Na Parte I, refletimos sobre como a IA apenas escancarou a falência de um modelo educacional baseado em medo, nota e repetição. Mostramos como o problema não é a cola, mas o sistema que ensina a colar. Agora, é hora de imaginar, e já enxergar, outro caminho: experiências concretas, projetos possíveis e o papel decisivo de professores e estudantes na transformação da avaliação.
Imagine uma atividade sobre a ditadura militar. A IA ajuda na busca de fontes e organização das ideias. O professor orienta a análise crítica e provoca conexões com o presente. O estudante apresenta o projeto em forma de podcast, carta ou ensaio autoral. A avaliação acontece no processo: nas escolhas, nos argumentos, na crítica do que foi proposto pela IA, na escuta. A autoria é viva e intransferível.

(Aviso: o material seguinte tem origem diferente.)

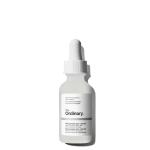 The Ordinary Niacinamide 10% + Zinc 1%, Brightening & Smoothing Serum for Blemish-Prone Skin
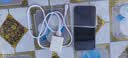 苹果xs max Apple iPhone XS MAX 苹果 xs 国行全网通 二手手机 金色【365天质保】 XS-64G【三期免息+赠豪华大礼包】 8成新 实拍图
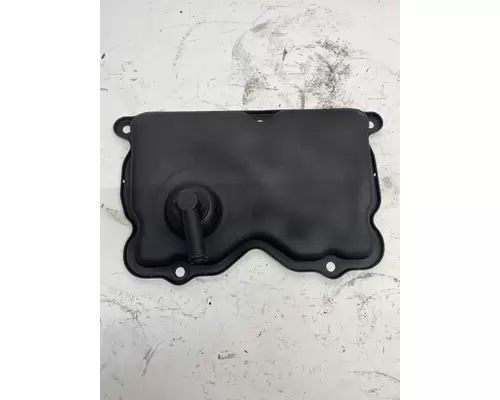 Valve Cover CUMMINS Big Cam IV Frontier Truck Parts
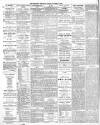 Cheltenham Chronicle Saturday 13 November 1886 Page 4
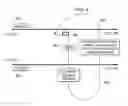 Fig. 04 - Pre-Mortem Waveform Trace Generation for Hardware Description Language Simulators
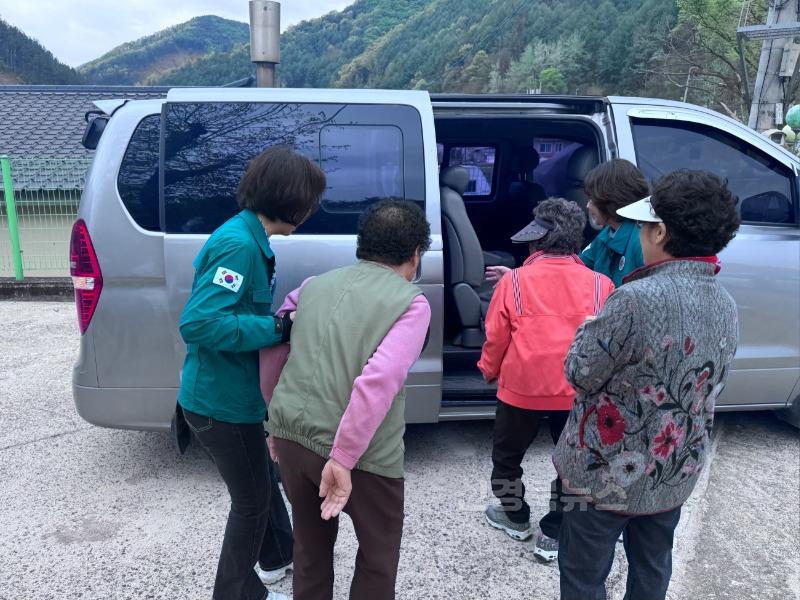 성주군사진(성주군  경북형 주민대피시스템으로 주민을 지킨다!)-1.jpeg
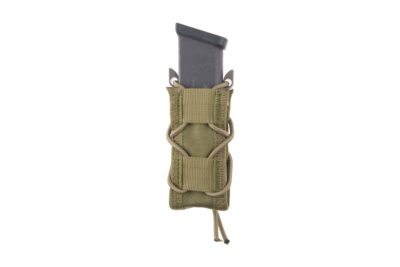 TC Pistol Magazine Pouch - Olive Drab - obrazek 2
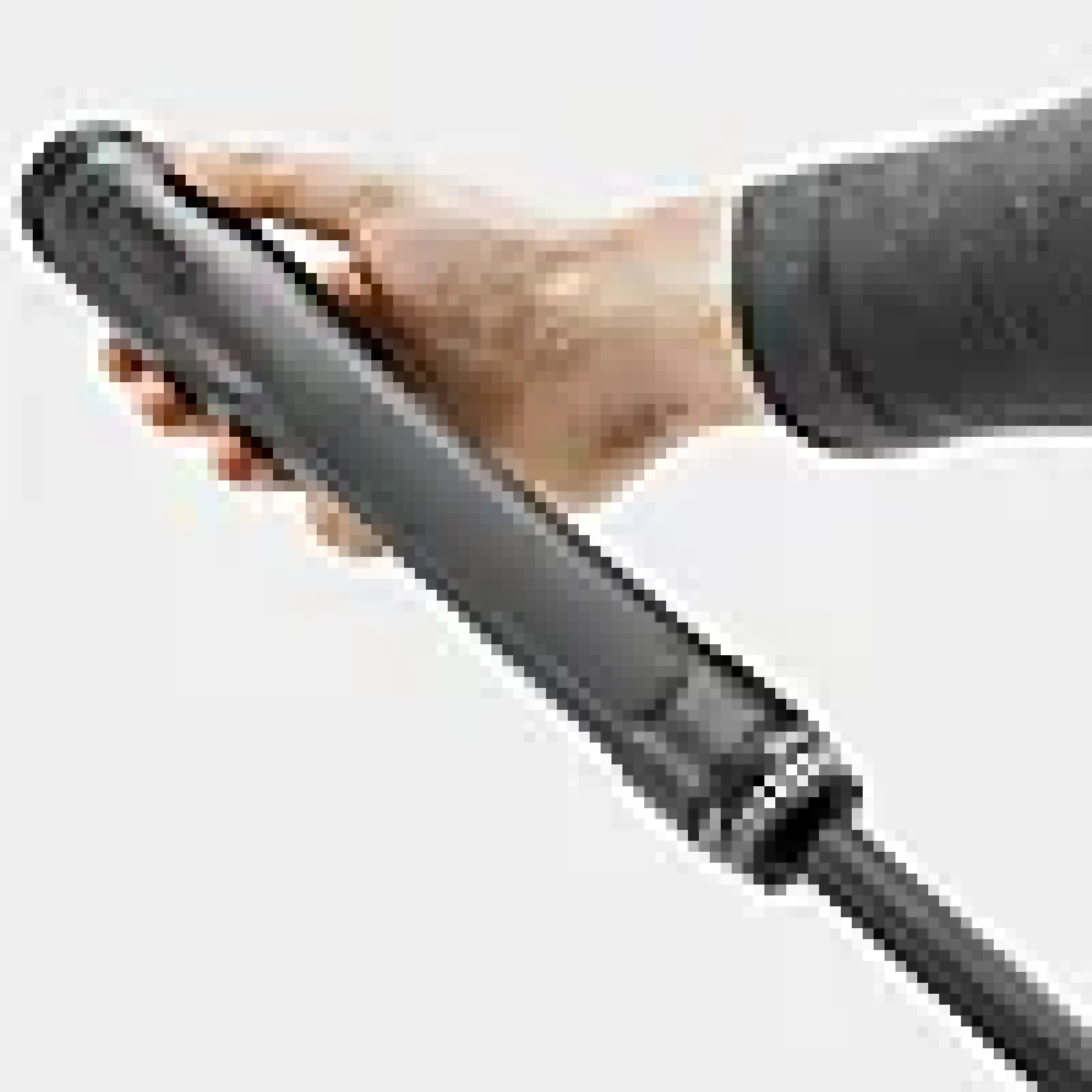 Justerbar dyse Vario Power VP 160 (K 4 - K 5)-Kärcher New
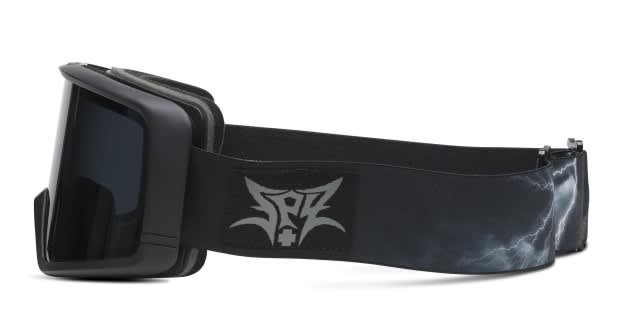 Spy Megalith Ski Goggles Black Sunglasses Online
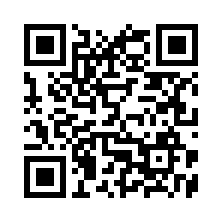 QR Code for 3MAWcMM1pr4A3fEPeCsak2y3HSQYwRVaU6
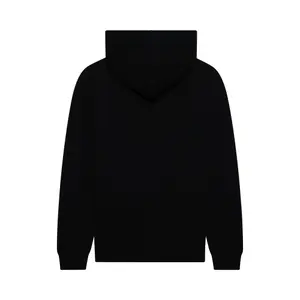Sweatshirt à capuche enfant Fox Racing Beam Flc PO image-1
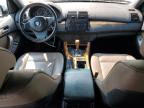 BMW X5 3.0I photo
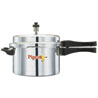 Pigeon Aluminum Pressure Cooker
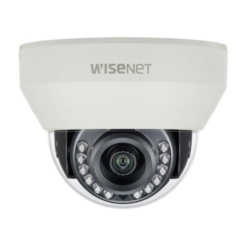 Hanwha (Wisenet) HCD-7010RA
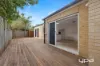 2/32 South Road, Rosebud, Vic 3939-Image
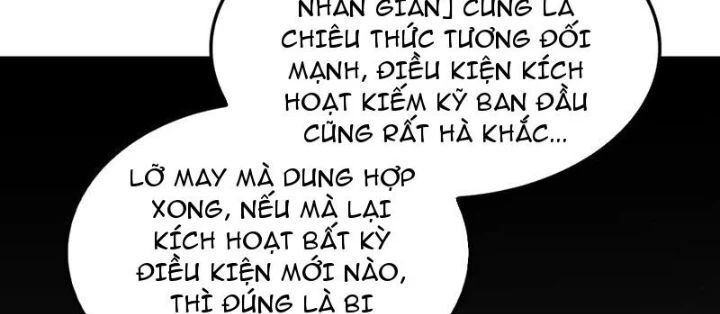 Mạt Thế Kiếm Thần: Ta Chấn Kinh Toàn Cầu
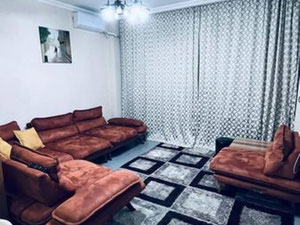 巴统公寓 — 来自开发商和业主的房地产搜索引擎 GEOLN.COM. 照片 3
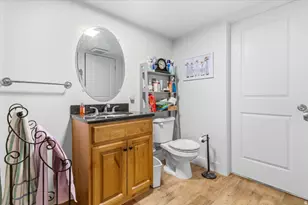 734 E 1070 S, Ephraim, UT 84627 - Photo 36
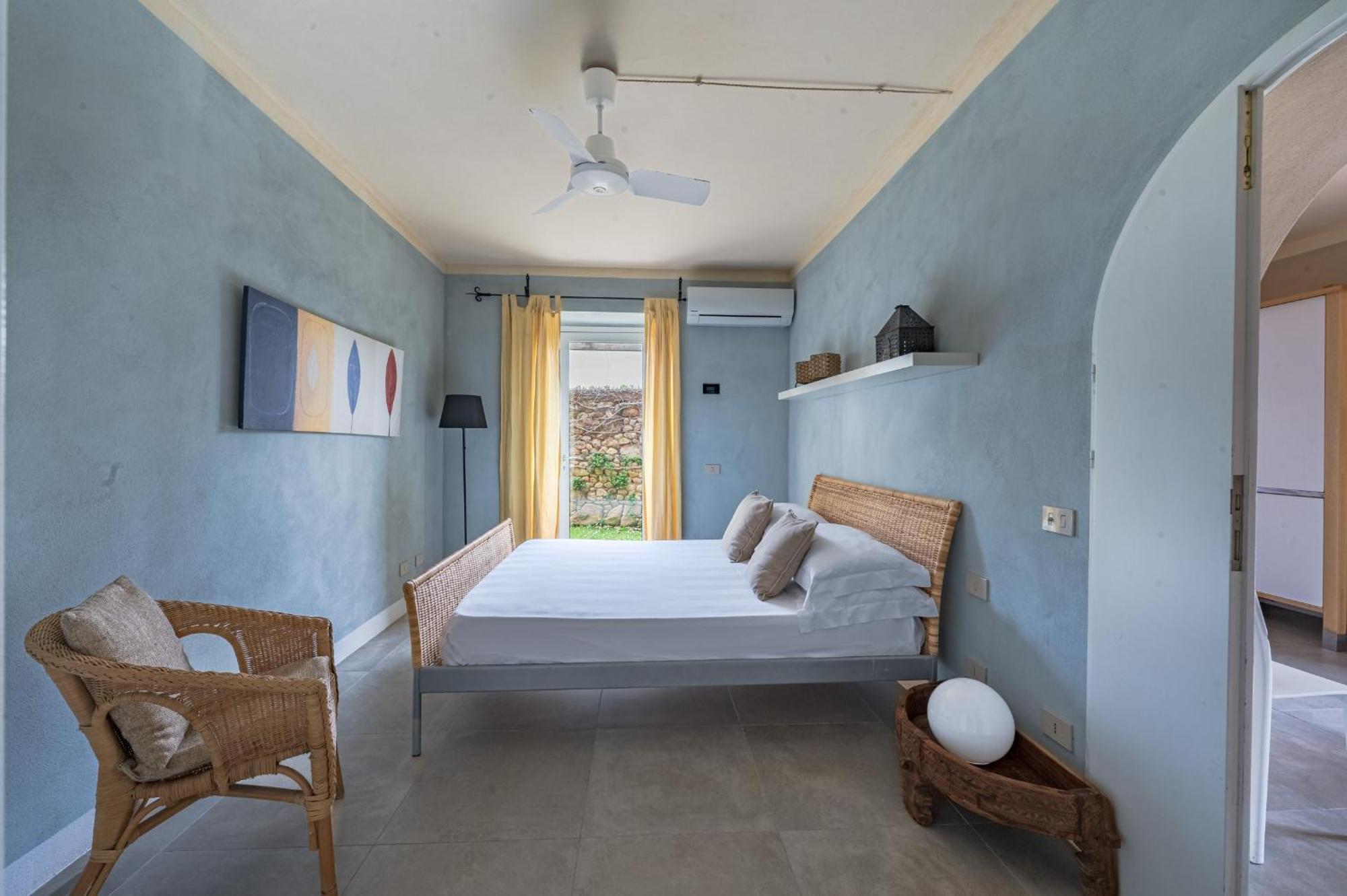 Le Versegge Resort Braccagni Luaran gambar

Plataformas como a Letrus, no Espírito Santo, e a Estudo Play, em Minas Gerais, mostram que é possível integrar IA à sala de aula sem perder o foco pedagógico. A implementação da Letrus em toda a rede estadual capixaba levou o Espírito Santo ao topo do ranking nacional de redações do ENEM, um salto do 11º para o 1º lugar. O dado é forte, mas o mais importante é o que acontece no cotidiano.
Essas tecnologias oferecem devolutivas em tempo real, baseadas na análise de textos dos estudantes. Professores, ao invés de esperar semanas para dar um retorno, identificam padrões e intervêm com oficinas, rodas de reescrita ou roteiros personalizados.
O dado é uma ponte, e não uma sentença. A devolutiva é conversa, e não um castigo.
Anael Victor Marinho, estudante de escola pública em Teresina (PI), fala da sua experiência:
— Por exemplo, se tiver um texto, uma redação e eu colocar lá, ele aponta os erros e vai corrigindo. Ele dá exemplos de como eu posso melhorar e vai se adequando ao meu nível. Se você começa baixo, ele vai aumentando de pouco em pouco, e vai botando mais dificuldade para você aprender mais ainda.
E quando isso acontece com presença, escuta e sensibilidade, o impacto é ainda maior. O uso da IA se torna pedagógico porque é ancorado na autoria, no território, no contexto… e na emoção. A neurociência mostra que o aprendizado significativo nasce do afeto, da surpresa, da experiência com sentido. Aprender é, também, sentir.
“Avaliar é formar, não excluir”, dizia Antonio Carlos Gomes da Costa. Avaliação não pode ser instrumento de punição ou triagem. Precisa ser oportunidade de crescimento, inclusive para os educadores.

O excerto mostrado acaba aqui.